● **Try it**: Write out the lines below once more, exactly as they appear. Do not include pictures.

● **Provided data**:
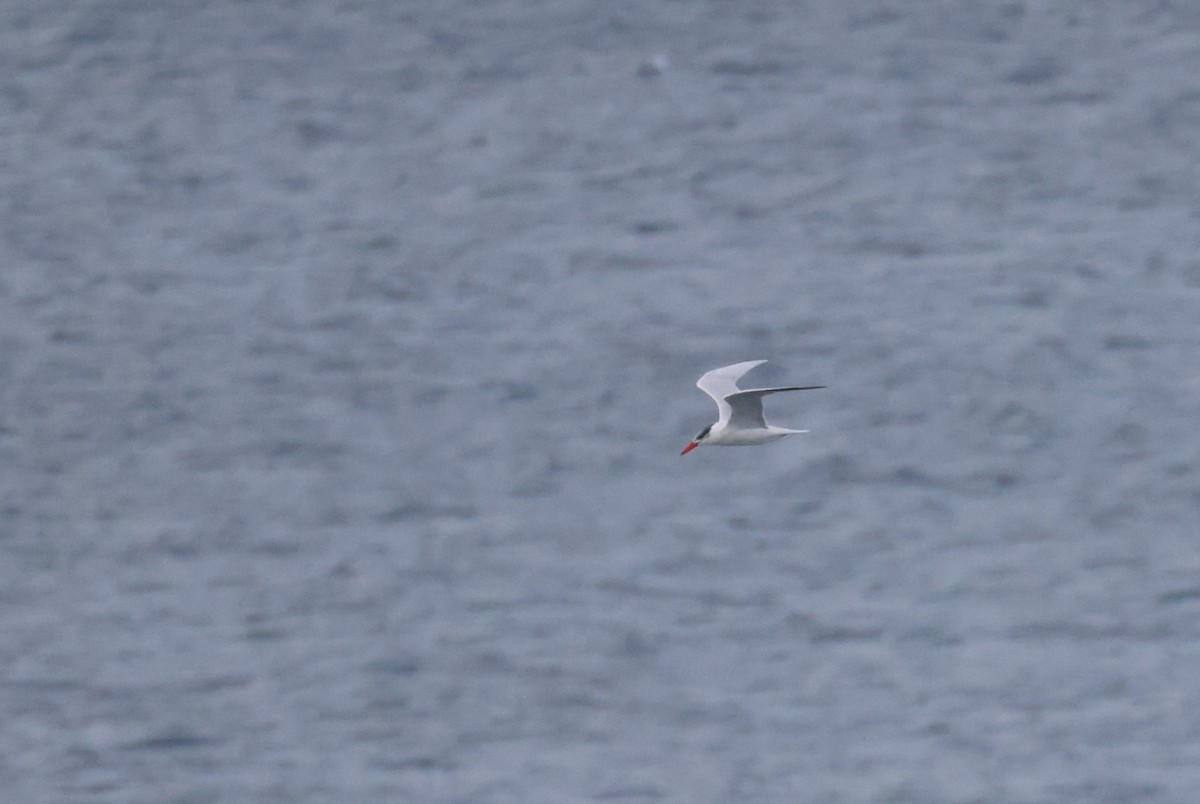 Caspian Tern - ML638828564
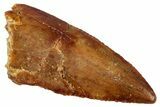 Serrated, Raptor Tooth - Real Dinosaur Tooth #275097-1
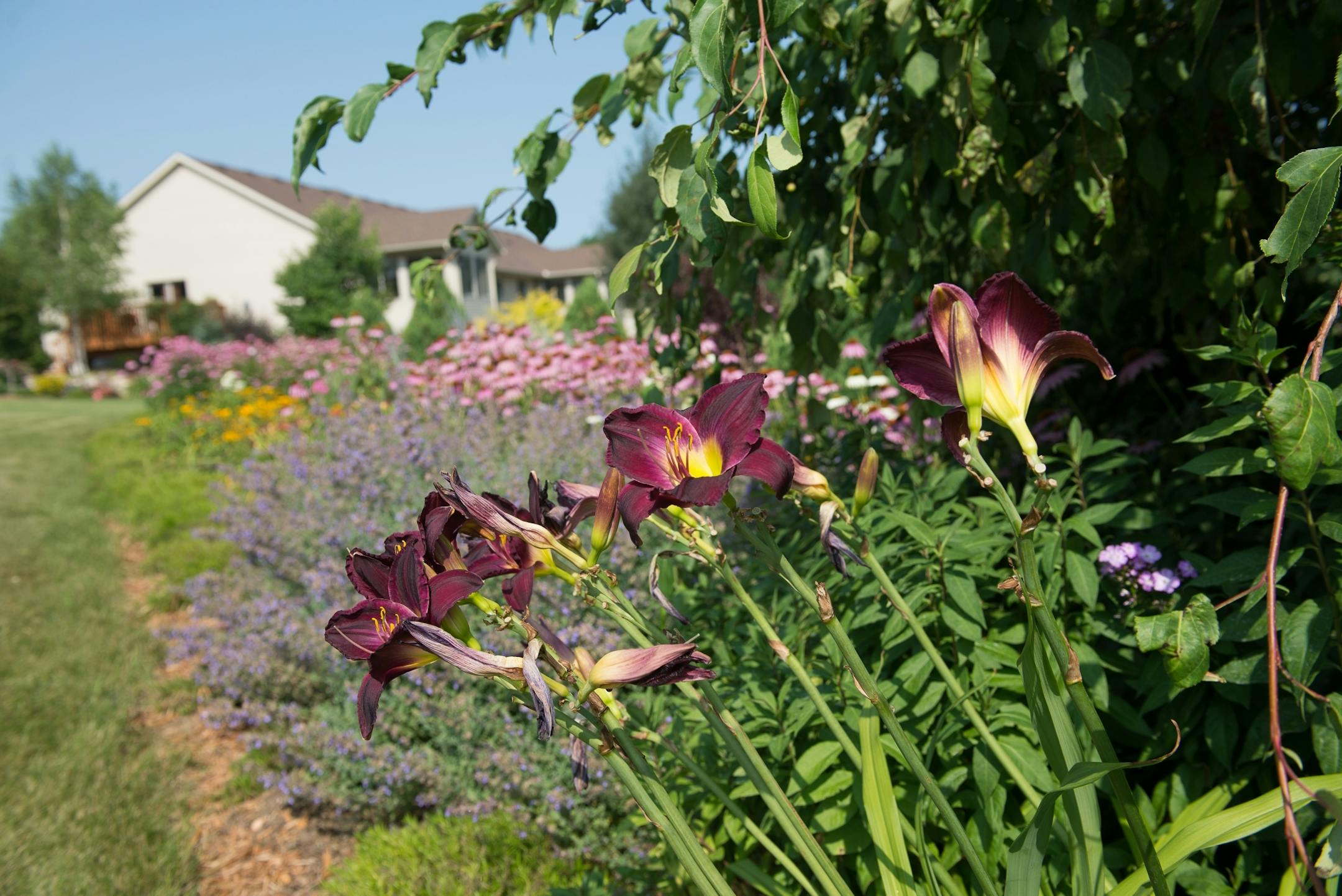 Dan and Nancy Engebretson's garden, seen from the common space that they tend to in addition to their personal space, is in bloom in Elysian, Minnesota on July 31, 2014. [ Angela Jimenez/Special to the Star-Tribune angelajime@gmail.com Assignment #20035606A_ SLUG: ENGEBRETSON100114_ EXTRA INFORMATION: Since 2006, the Engebretsons have designed and tended to their own garden, and have transformed the common space near their home into a landscaped, shared garden space in the Lakeview Manor Townhom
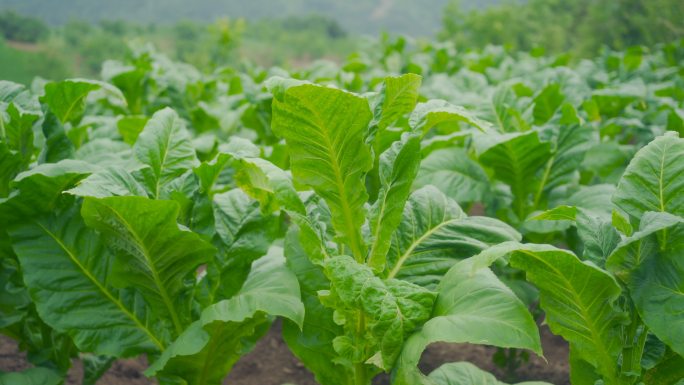 植物绿色基地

● **Response below**:
 Caspian Tern - ML638828564
 Serrated, Raptor Tooth - Real Dinosaur Tooth #275097-1
 Dan and Nancy Engebretson's garden, seen from the common space that they tend to in addition to their personal space, is in bloom in Elysian, Minnesota on July 31, 2014. [ Angela Jimenez/Special to the Star-Tribune angelajime@gmail.com Assignment #20035606A_ SLUG: ENGEBRETSON100114_ EXTRA INFORMATION: Since 2006, the Engebretsons have designed and tended to their own garden, and have transformed the common space near their home into a landscaped, shared garden space in the Lakeview Manor Townhom
 植物绿色基地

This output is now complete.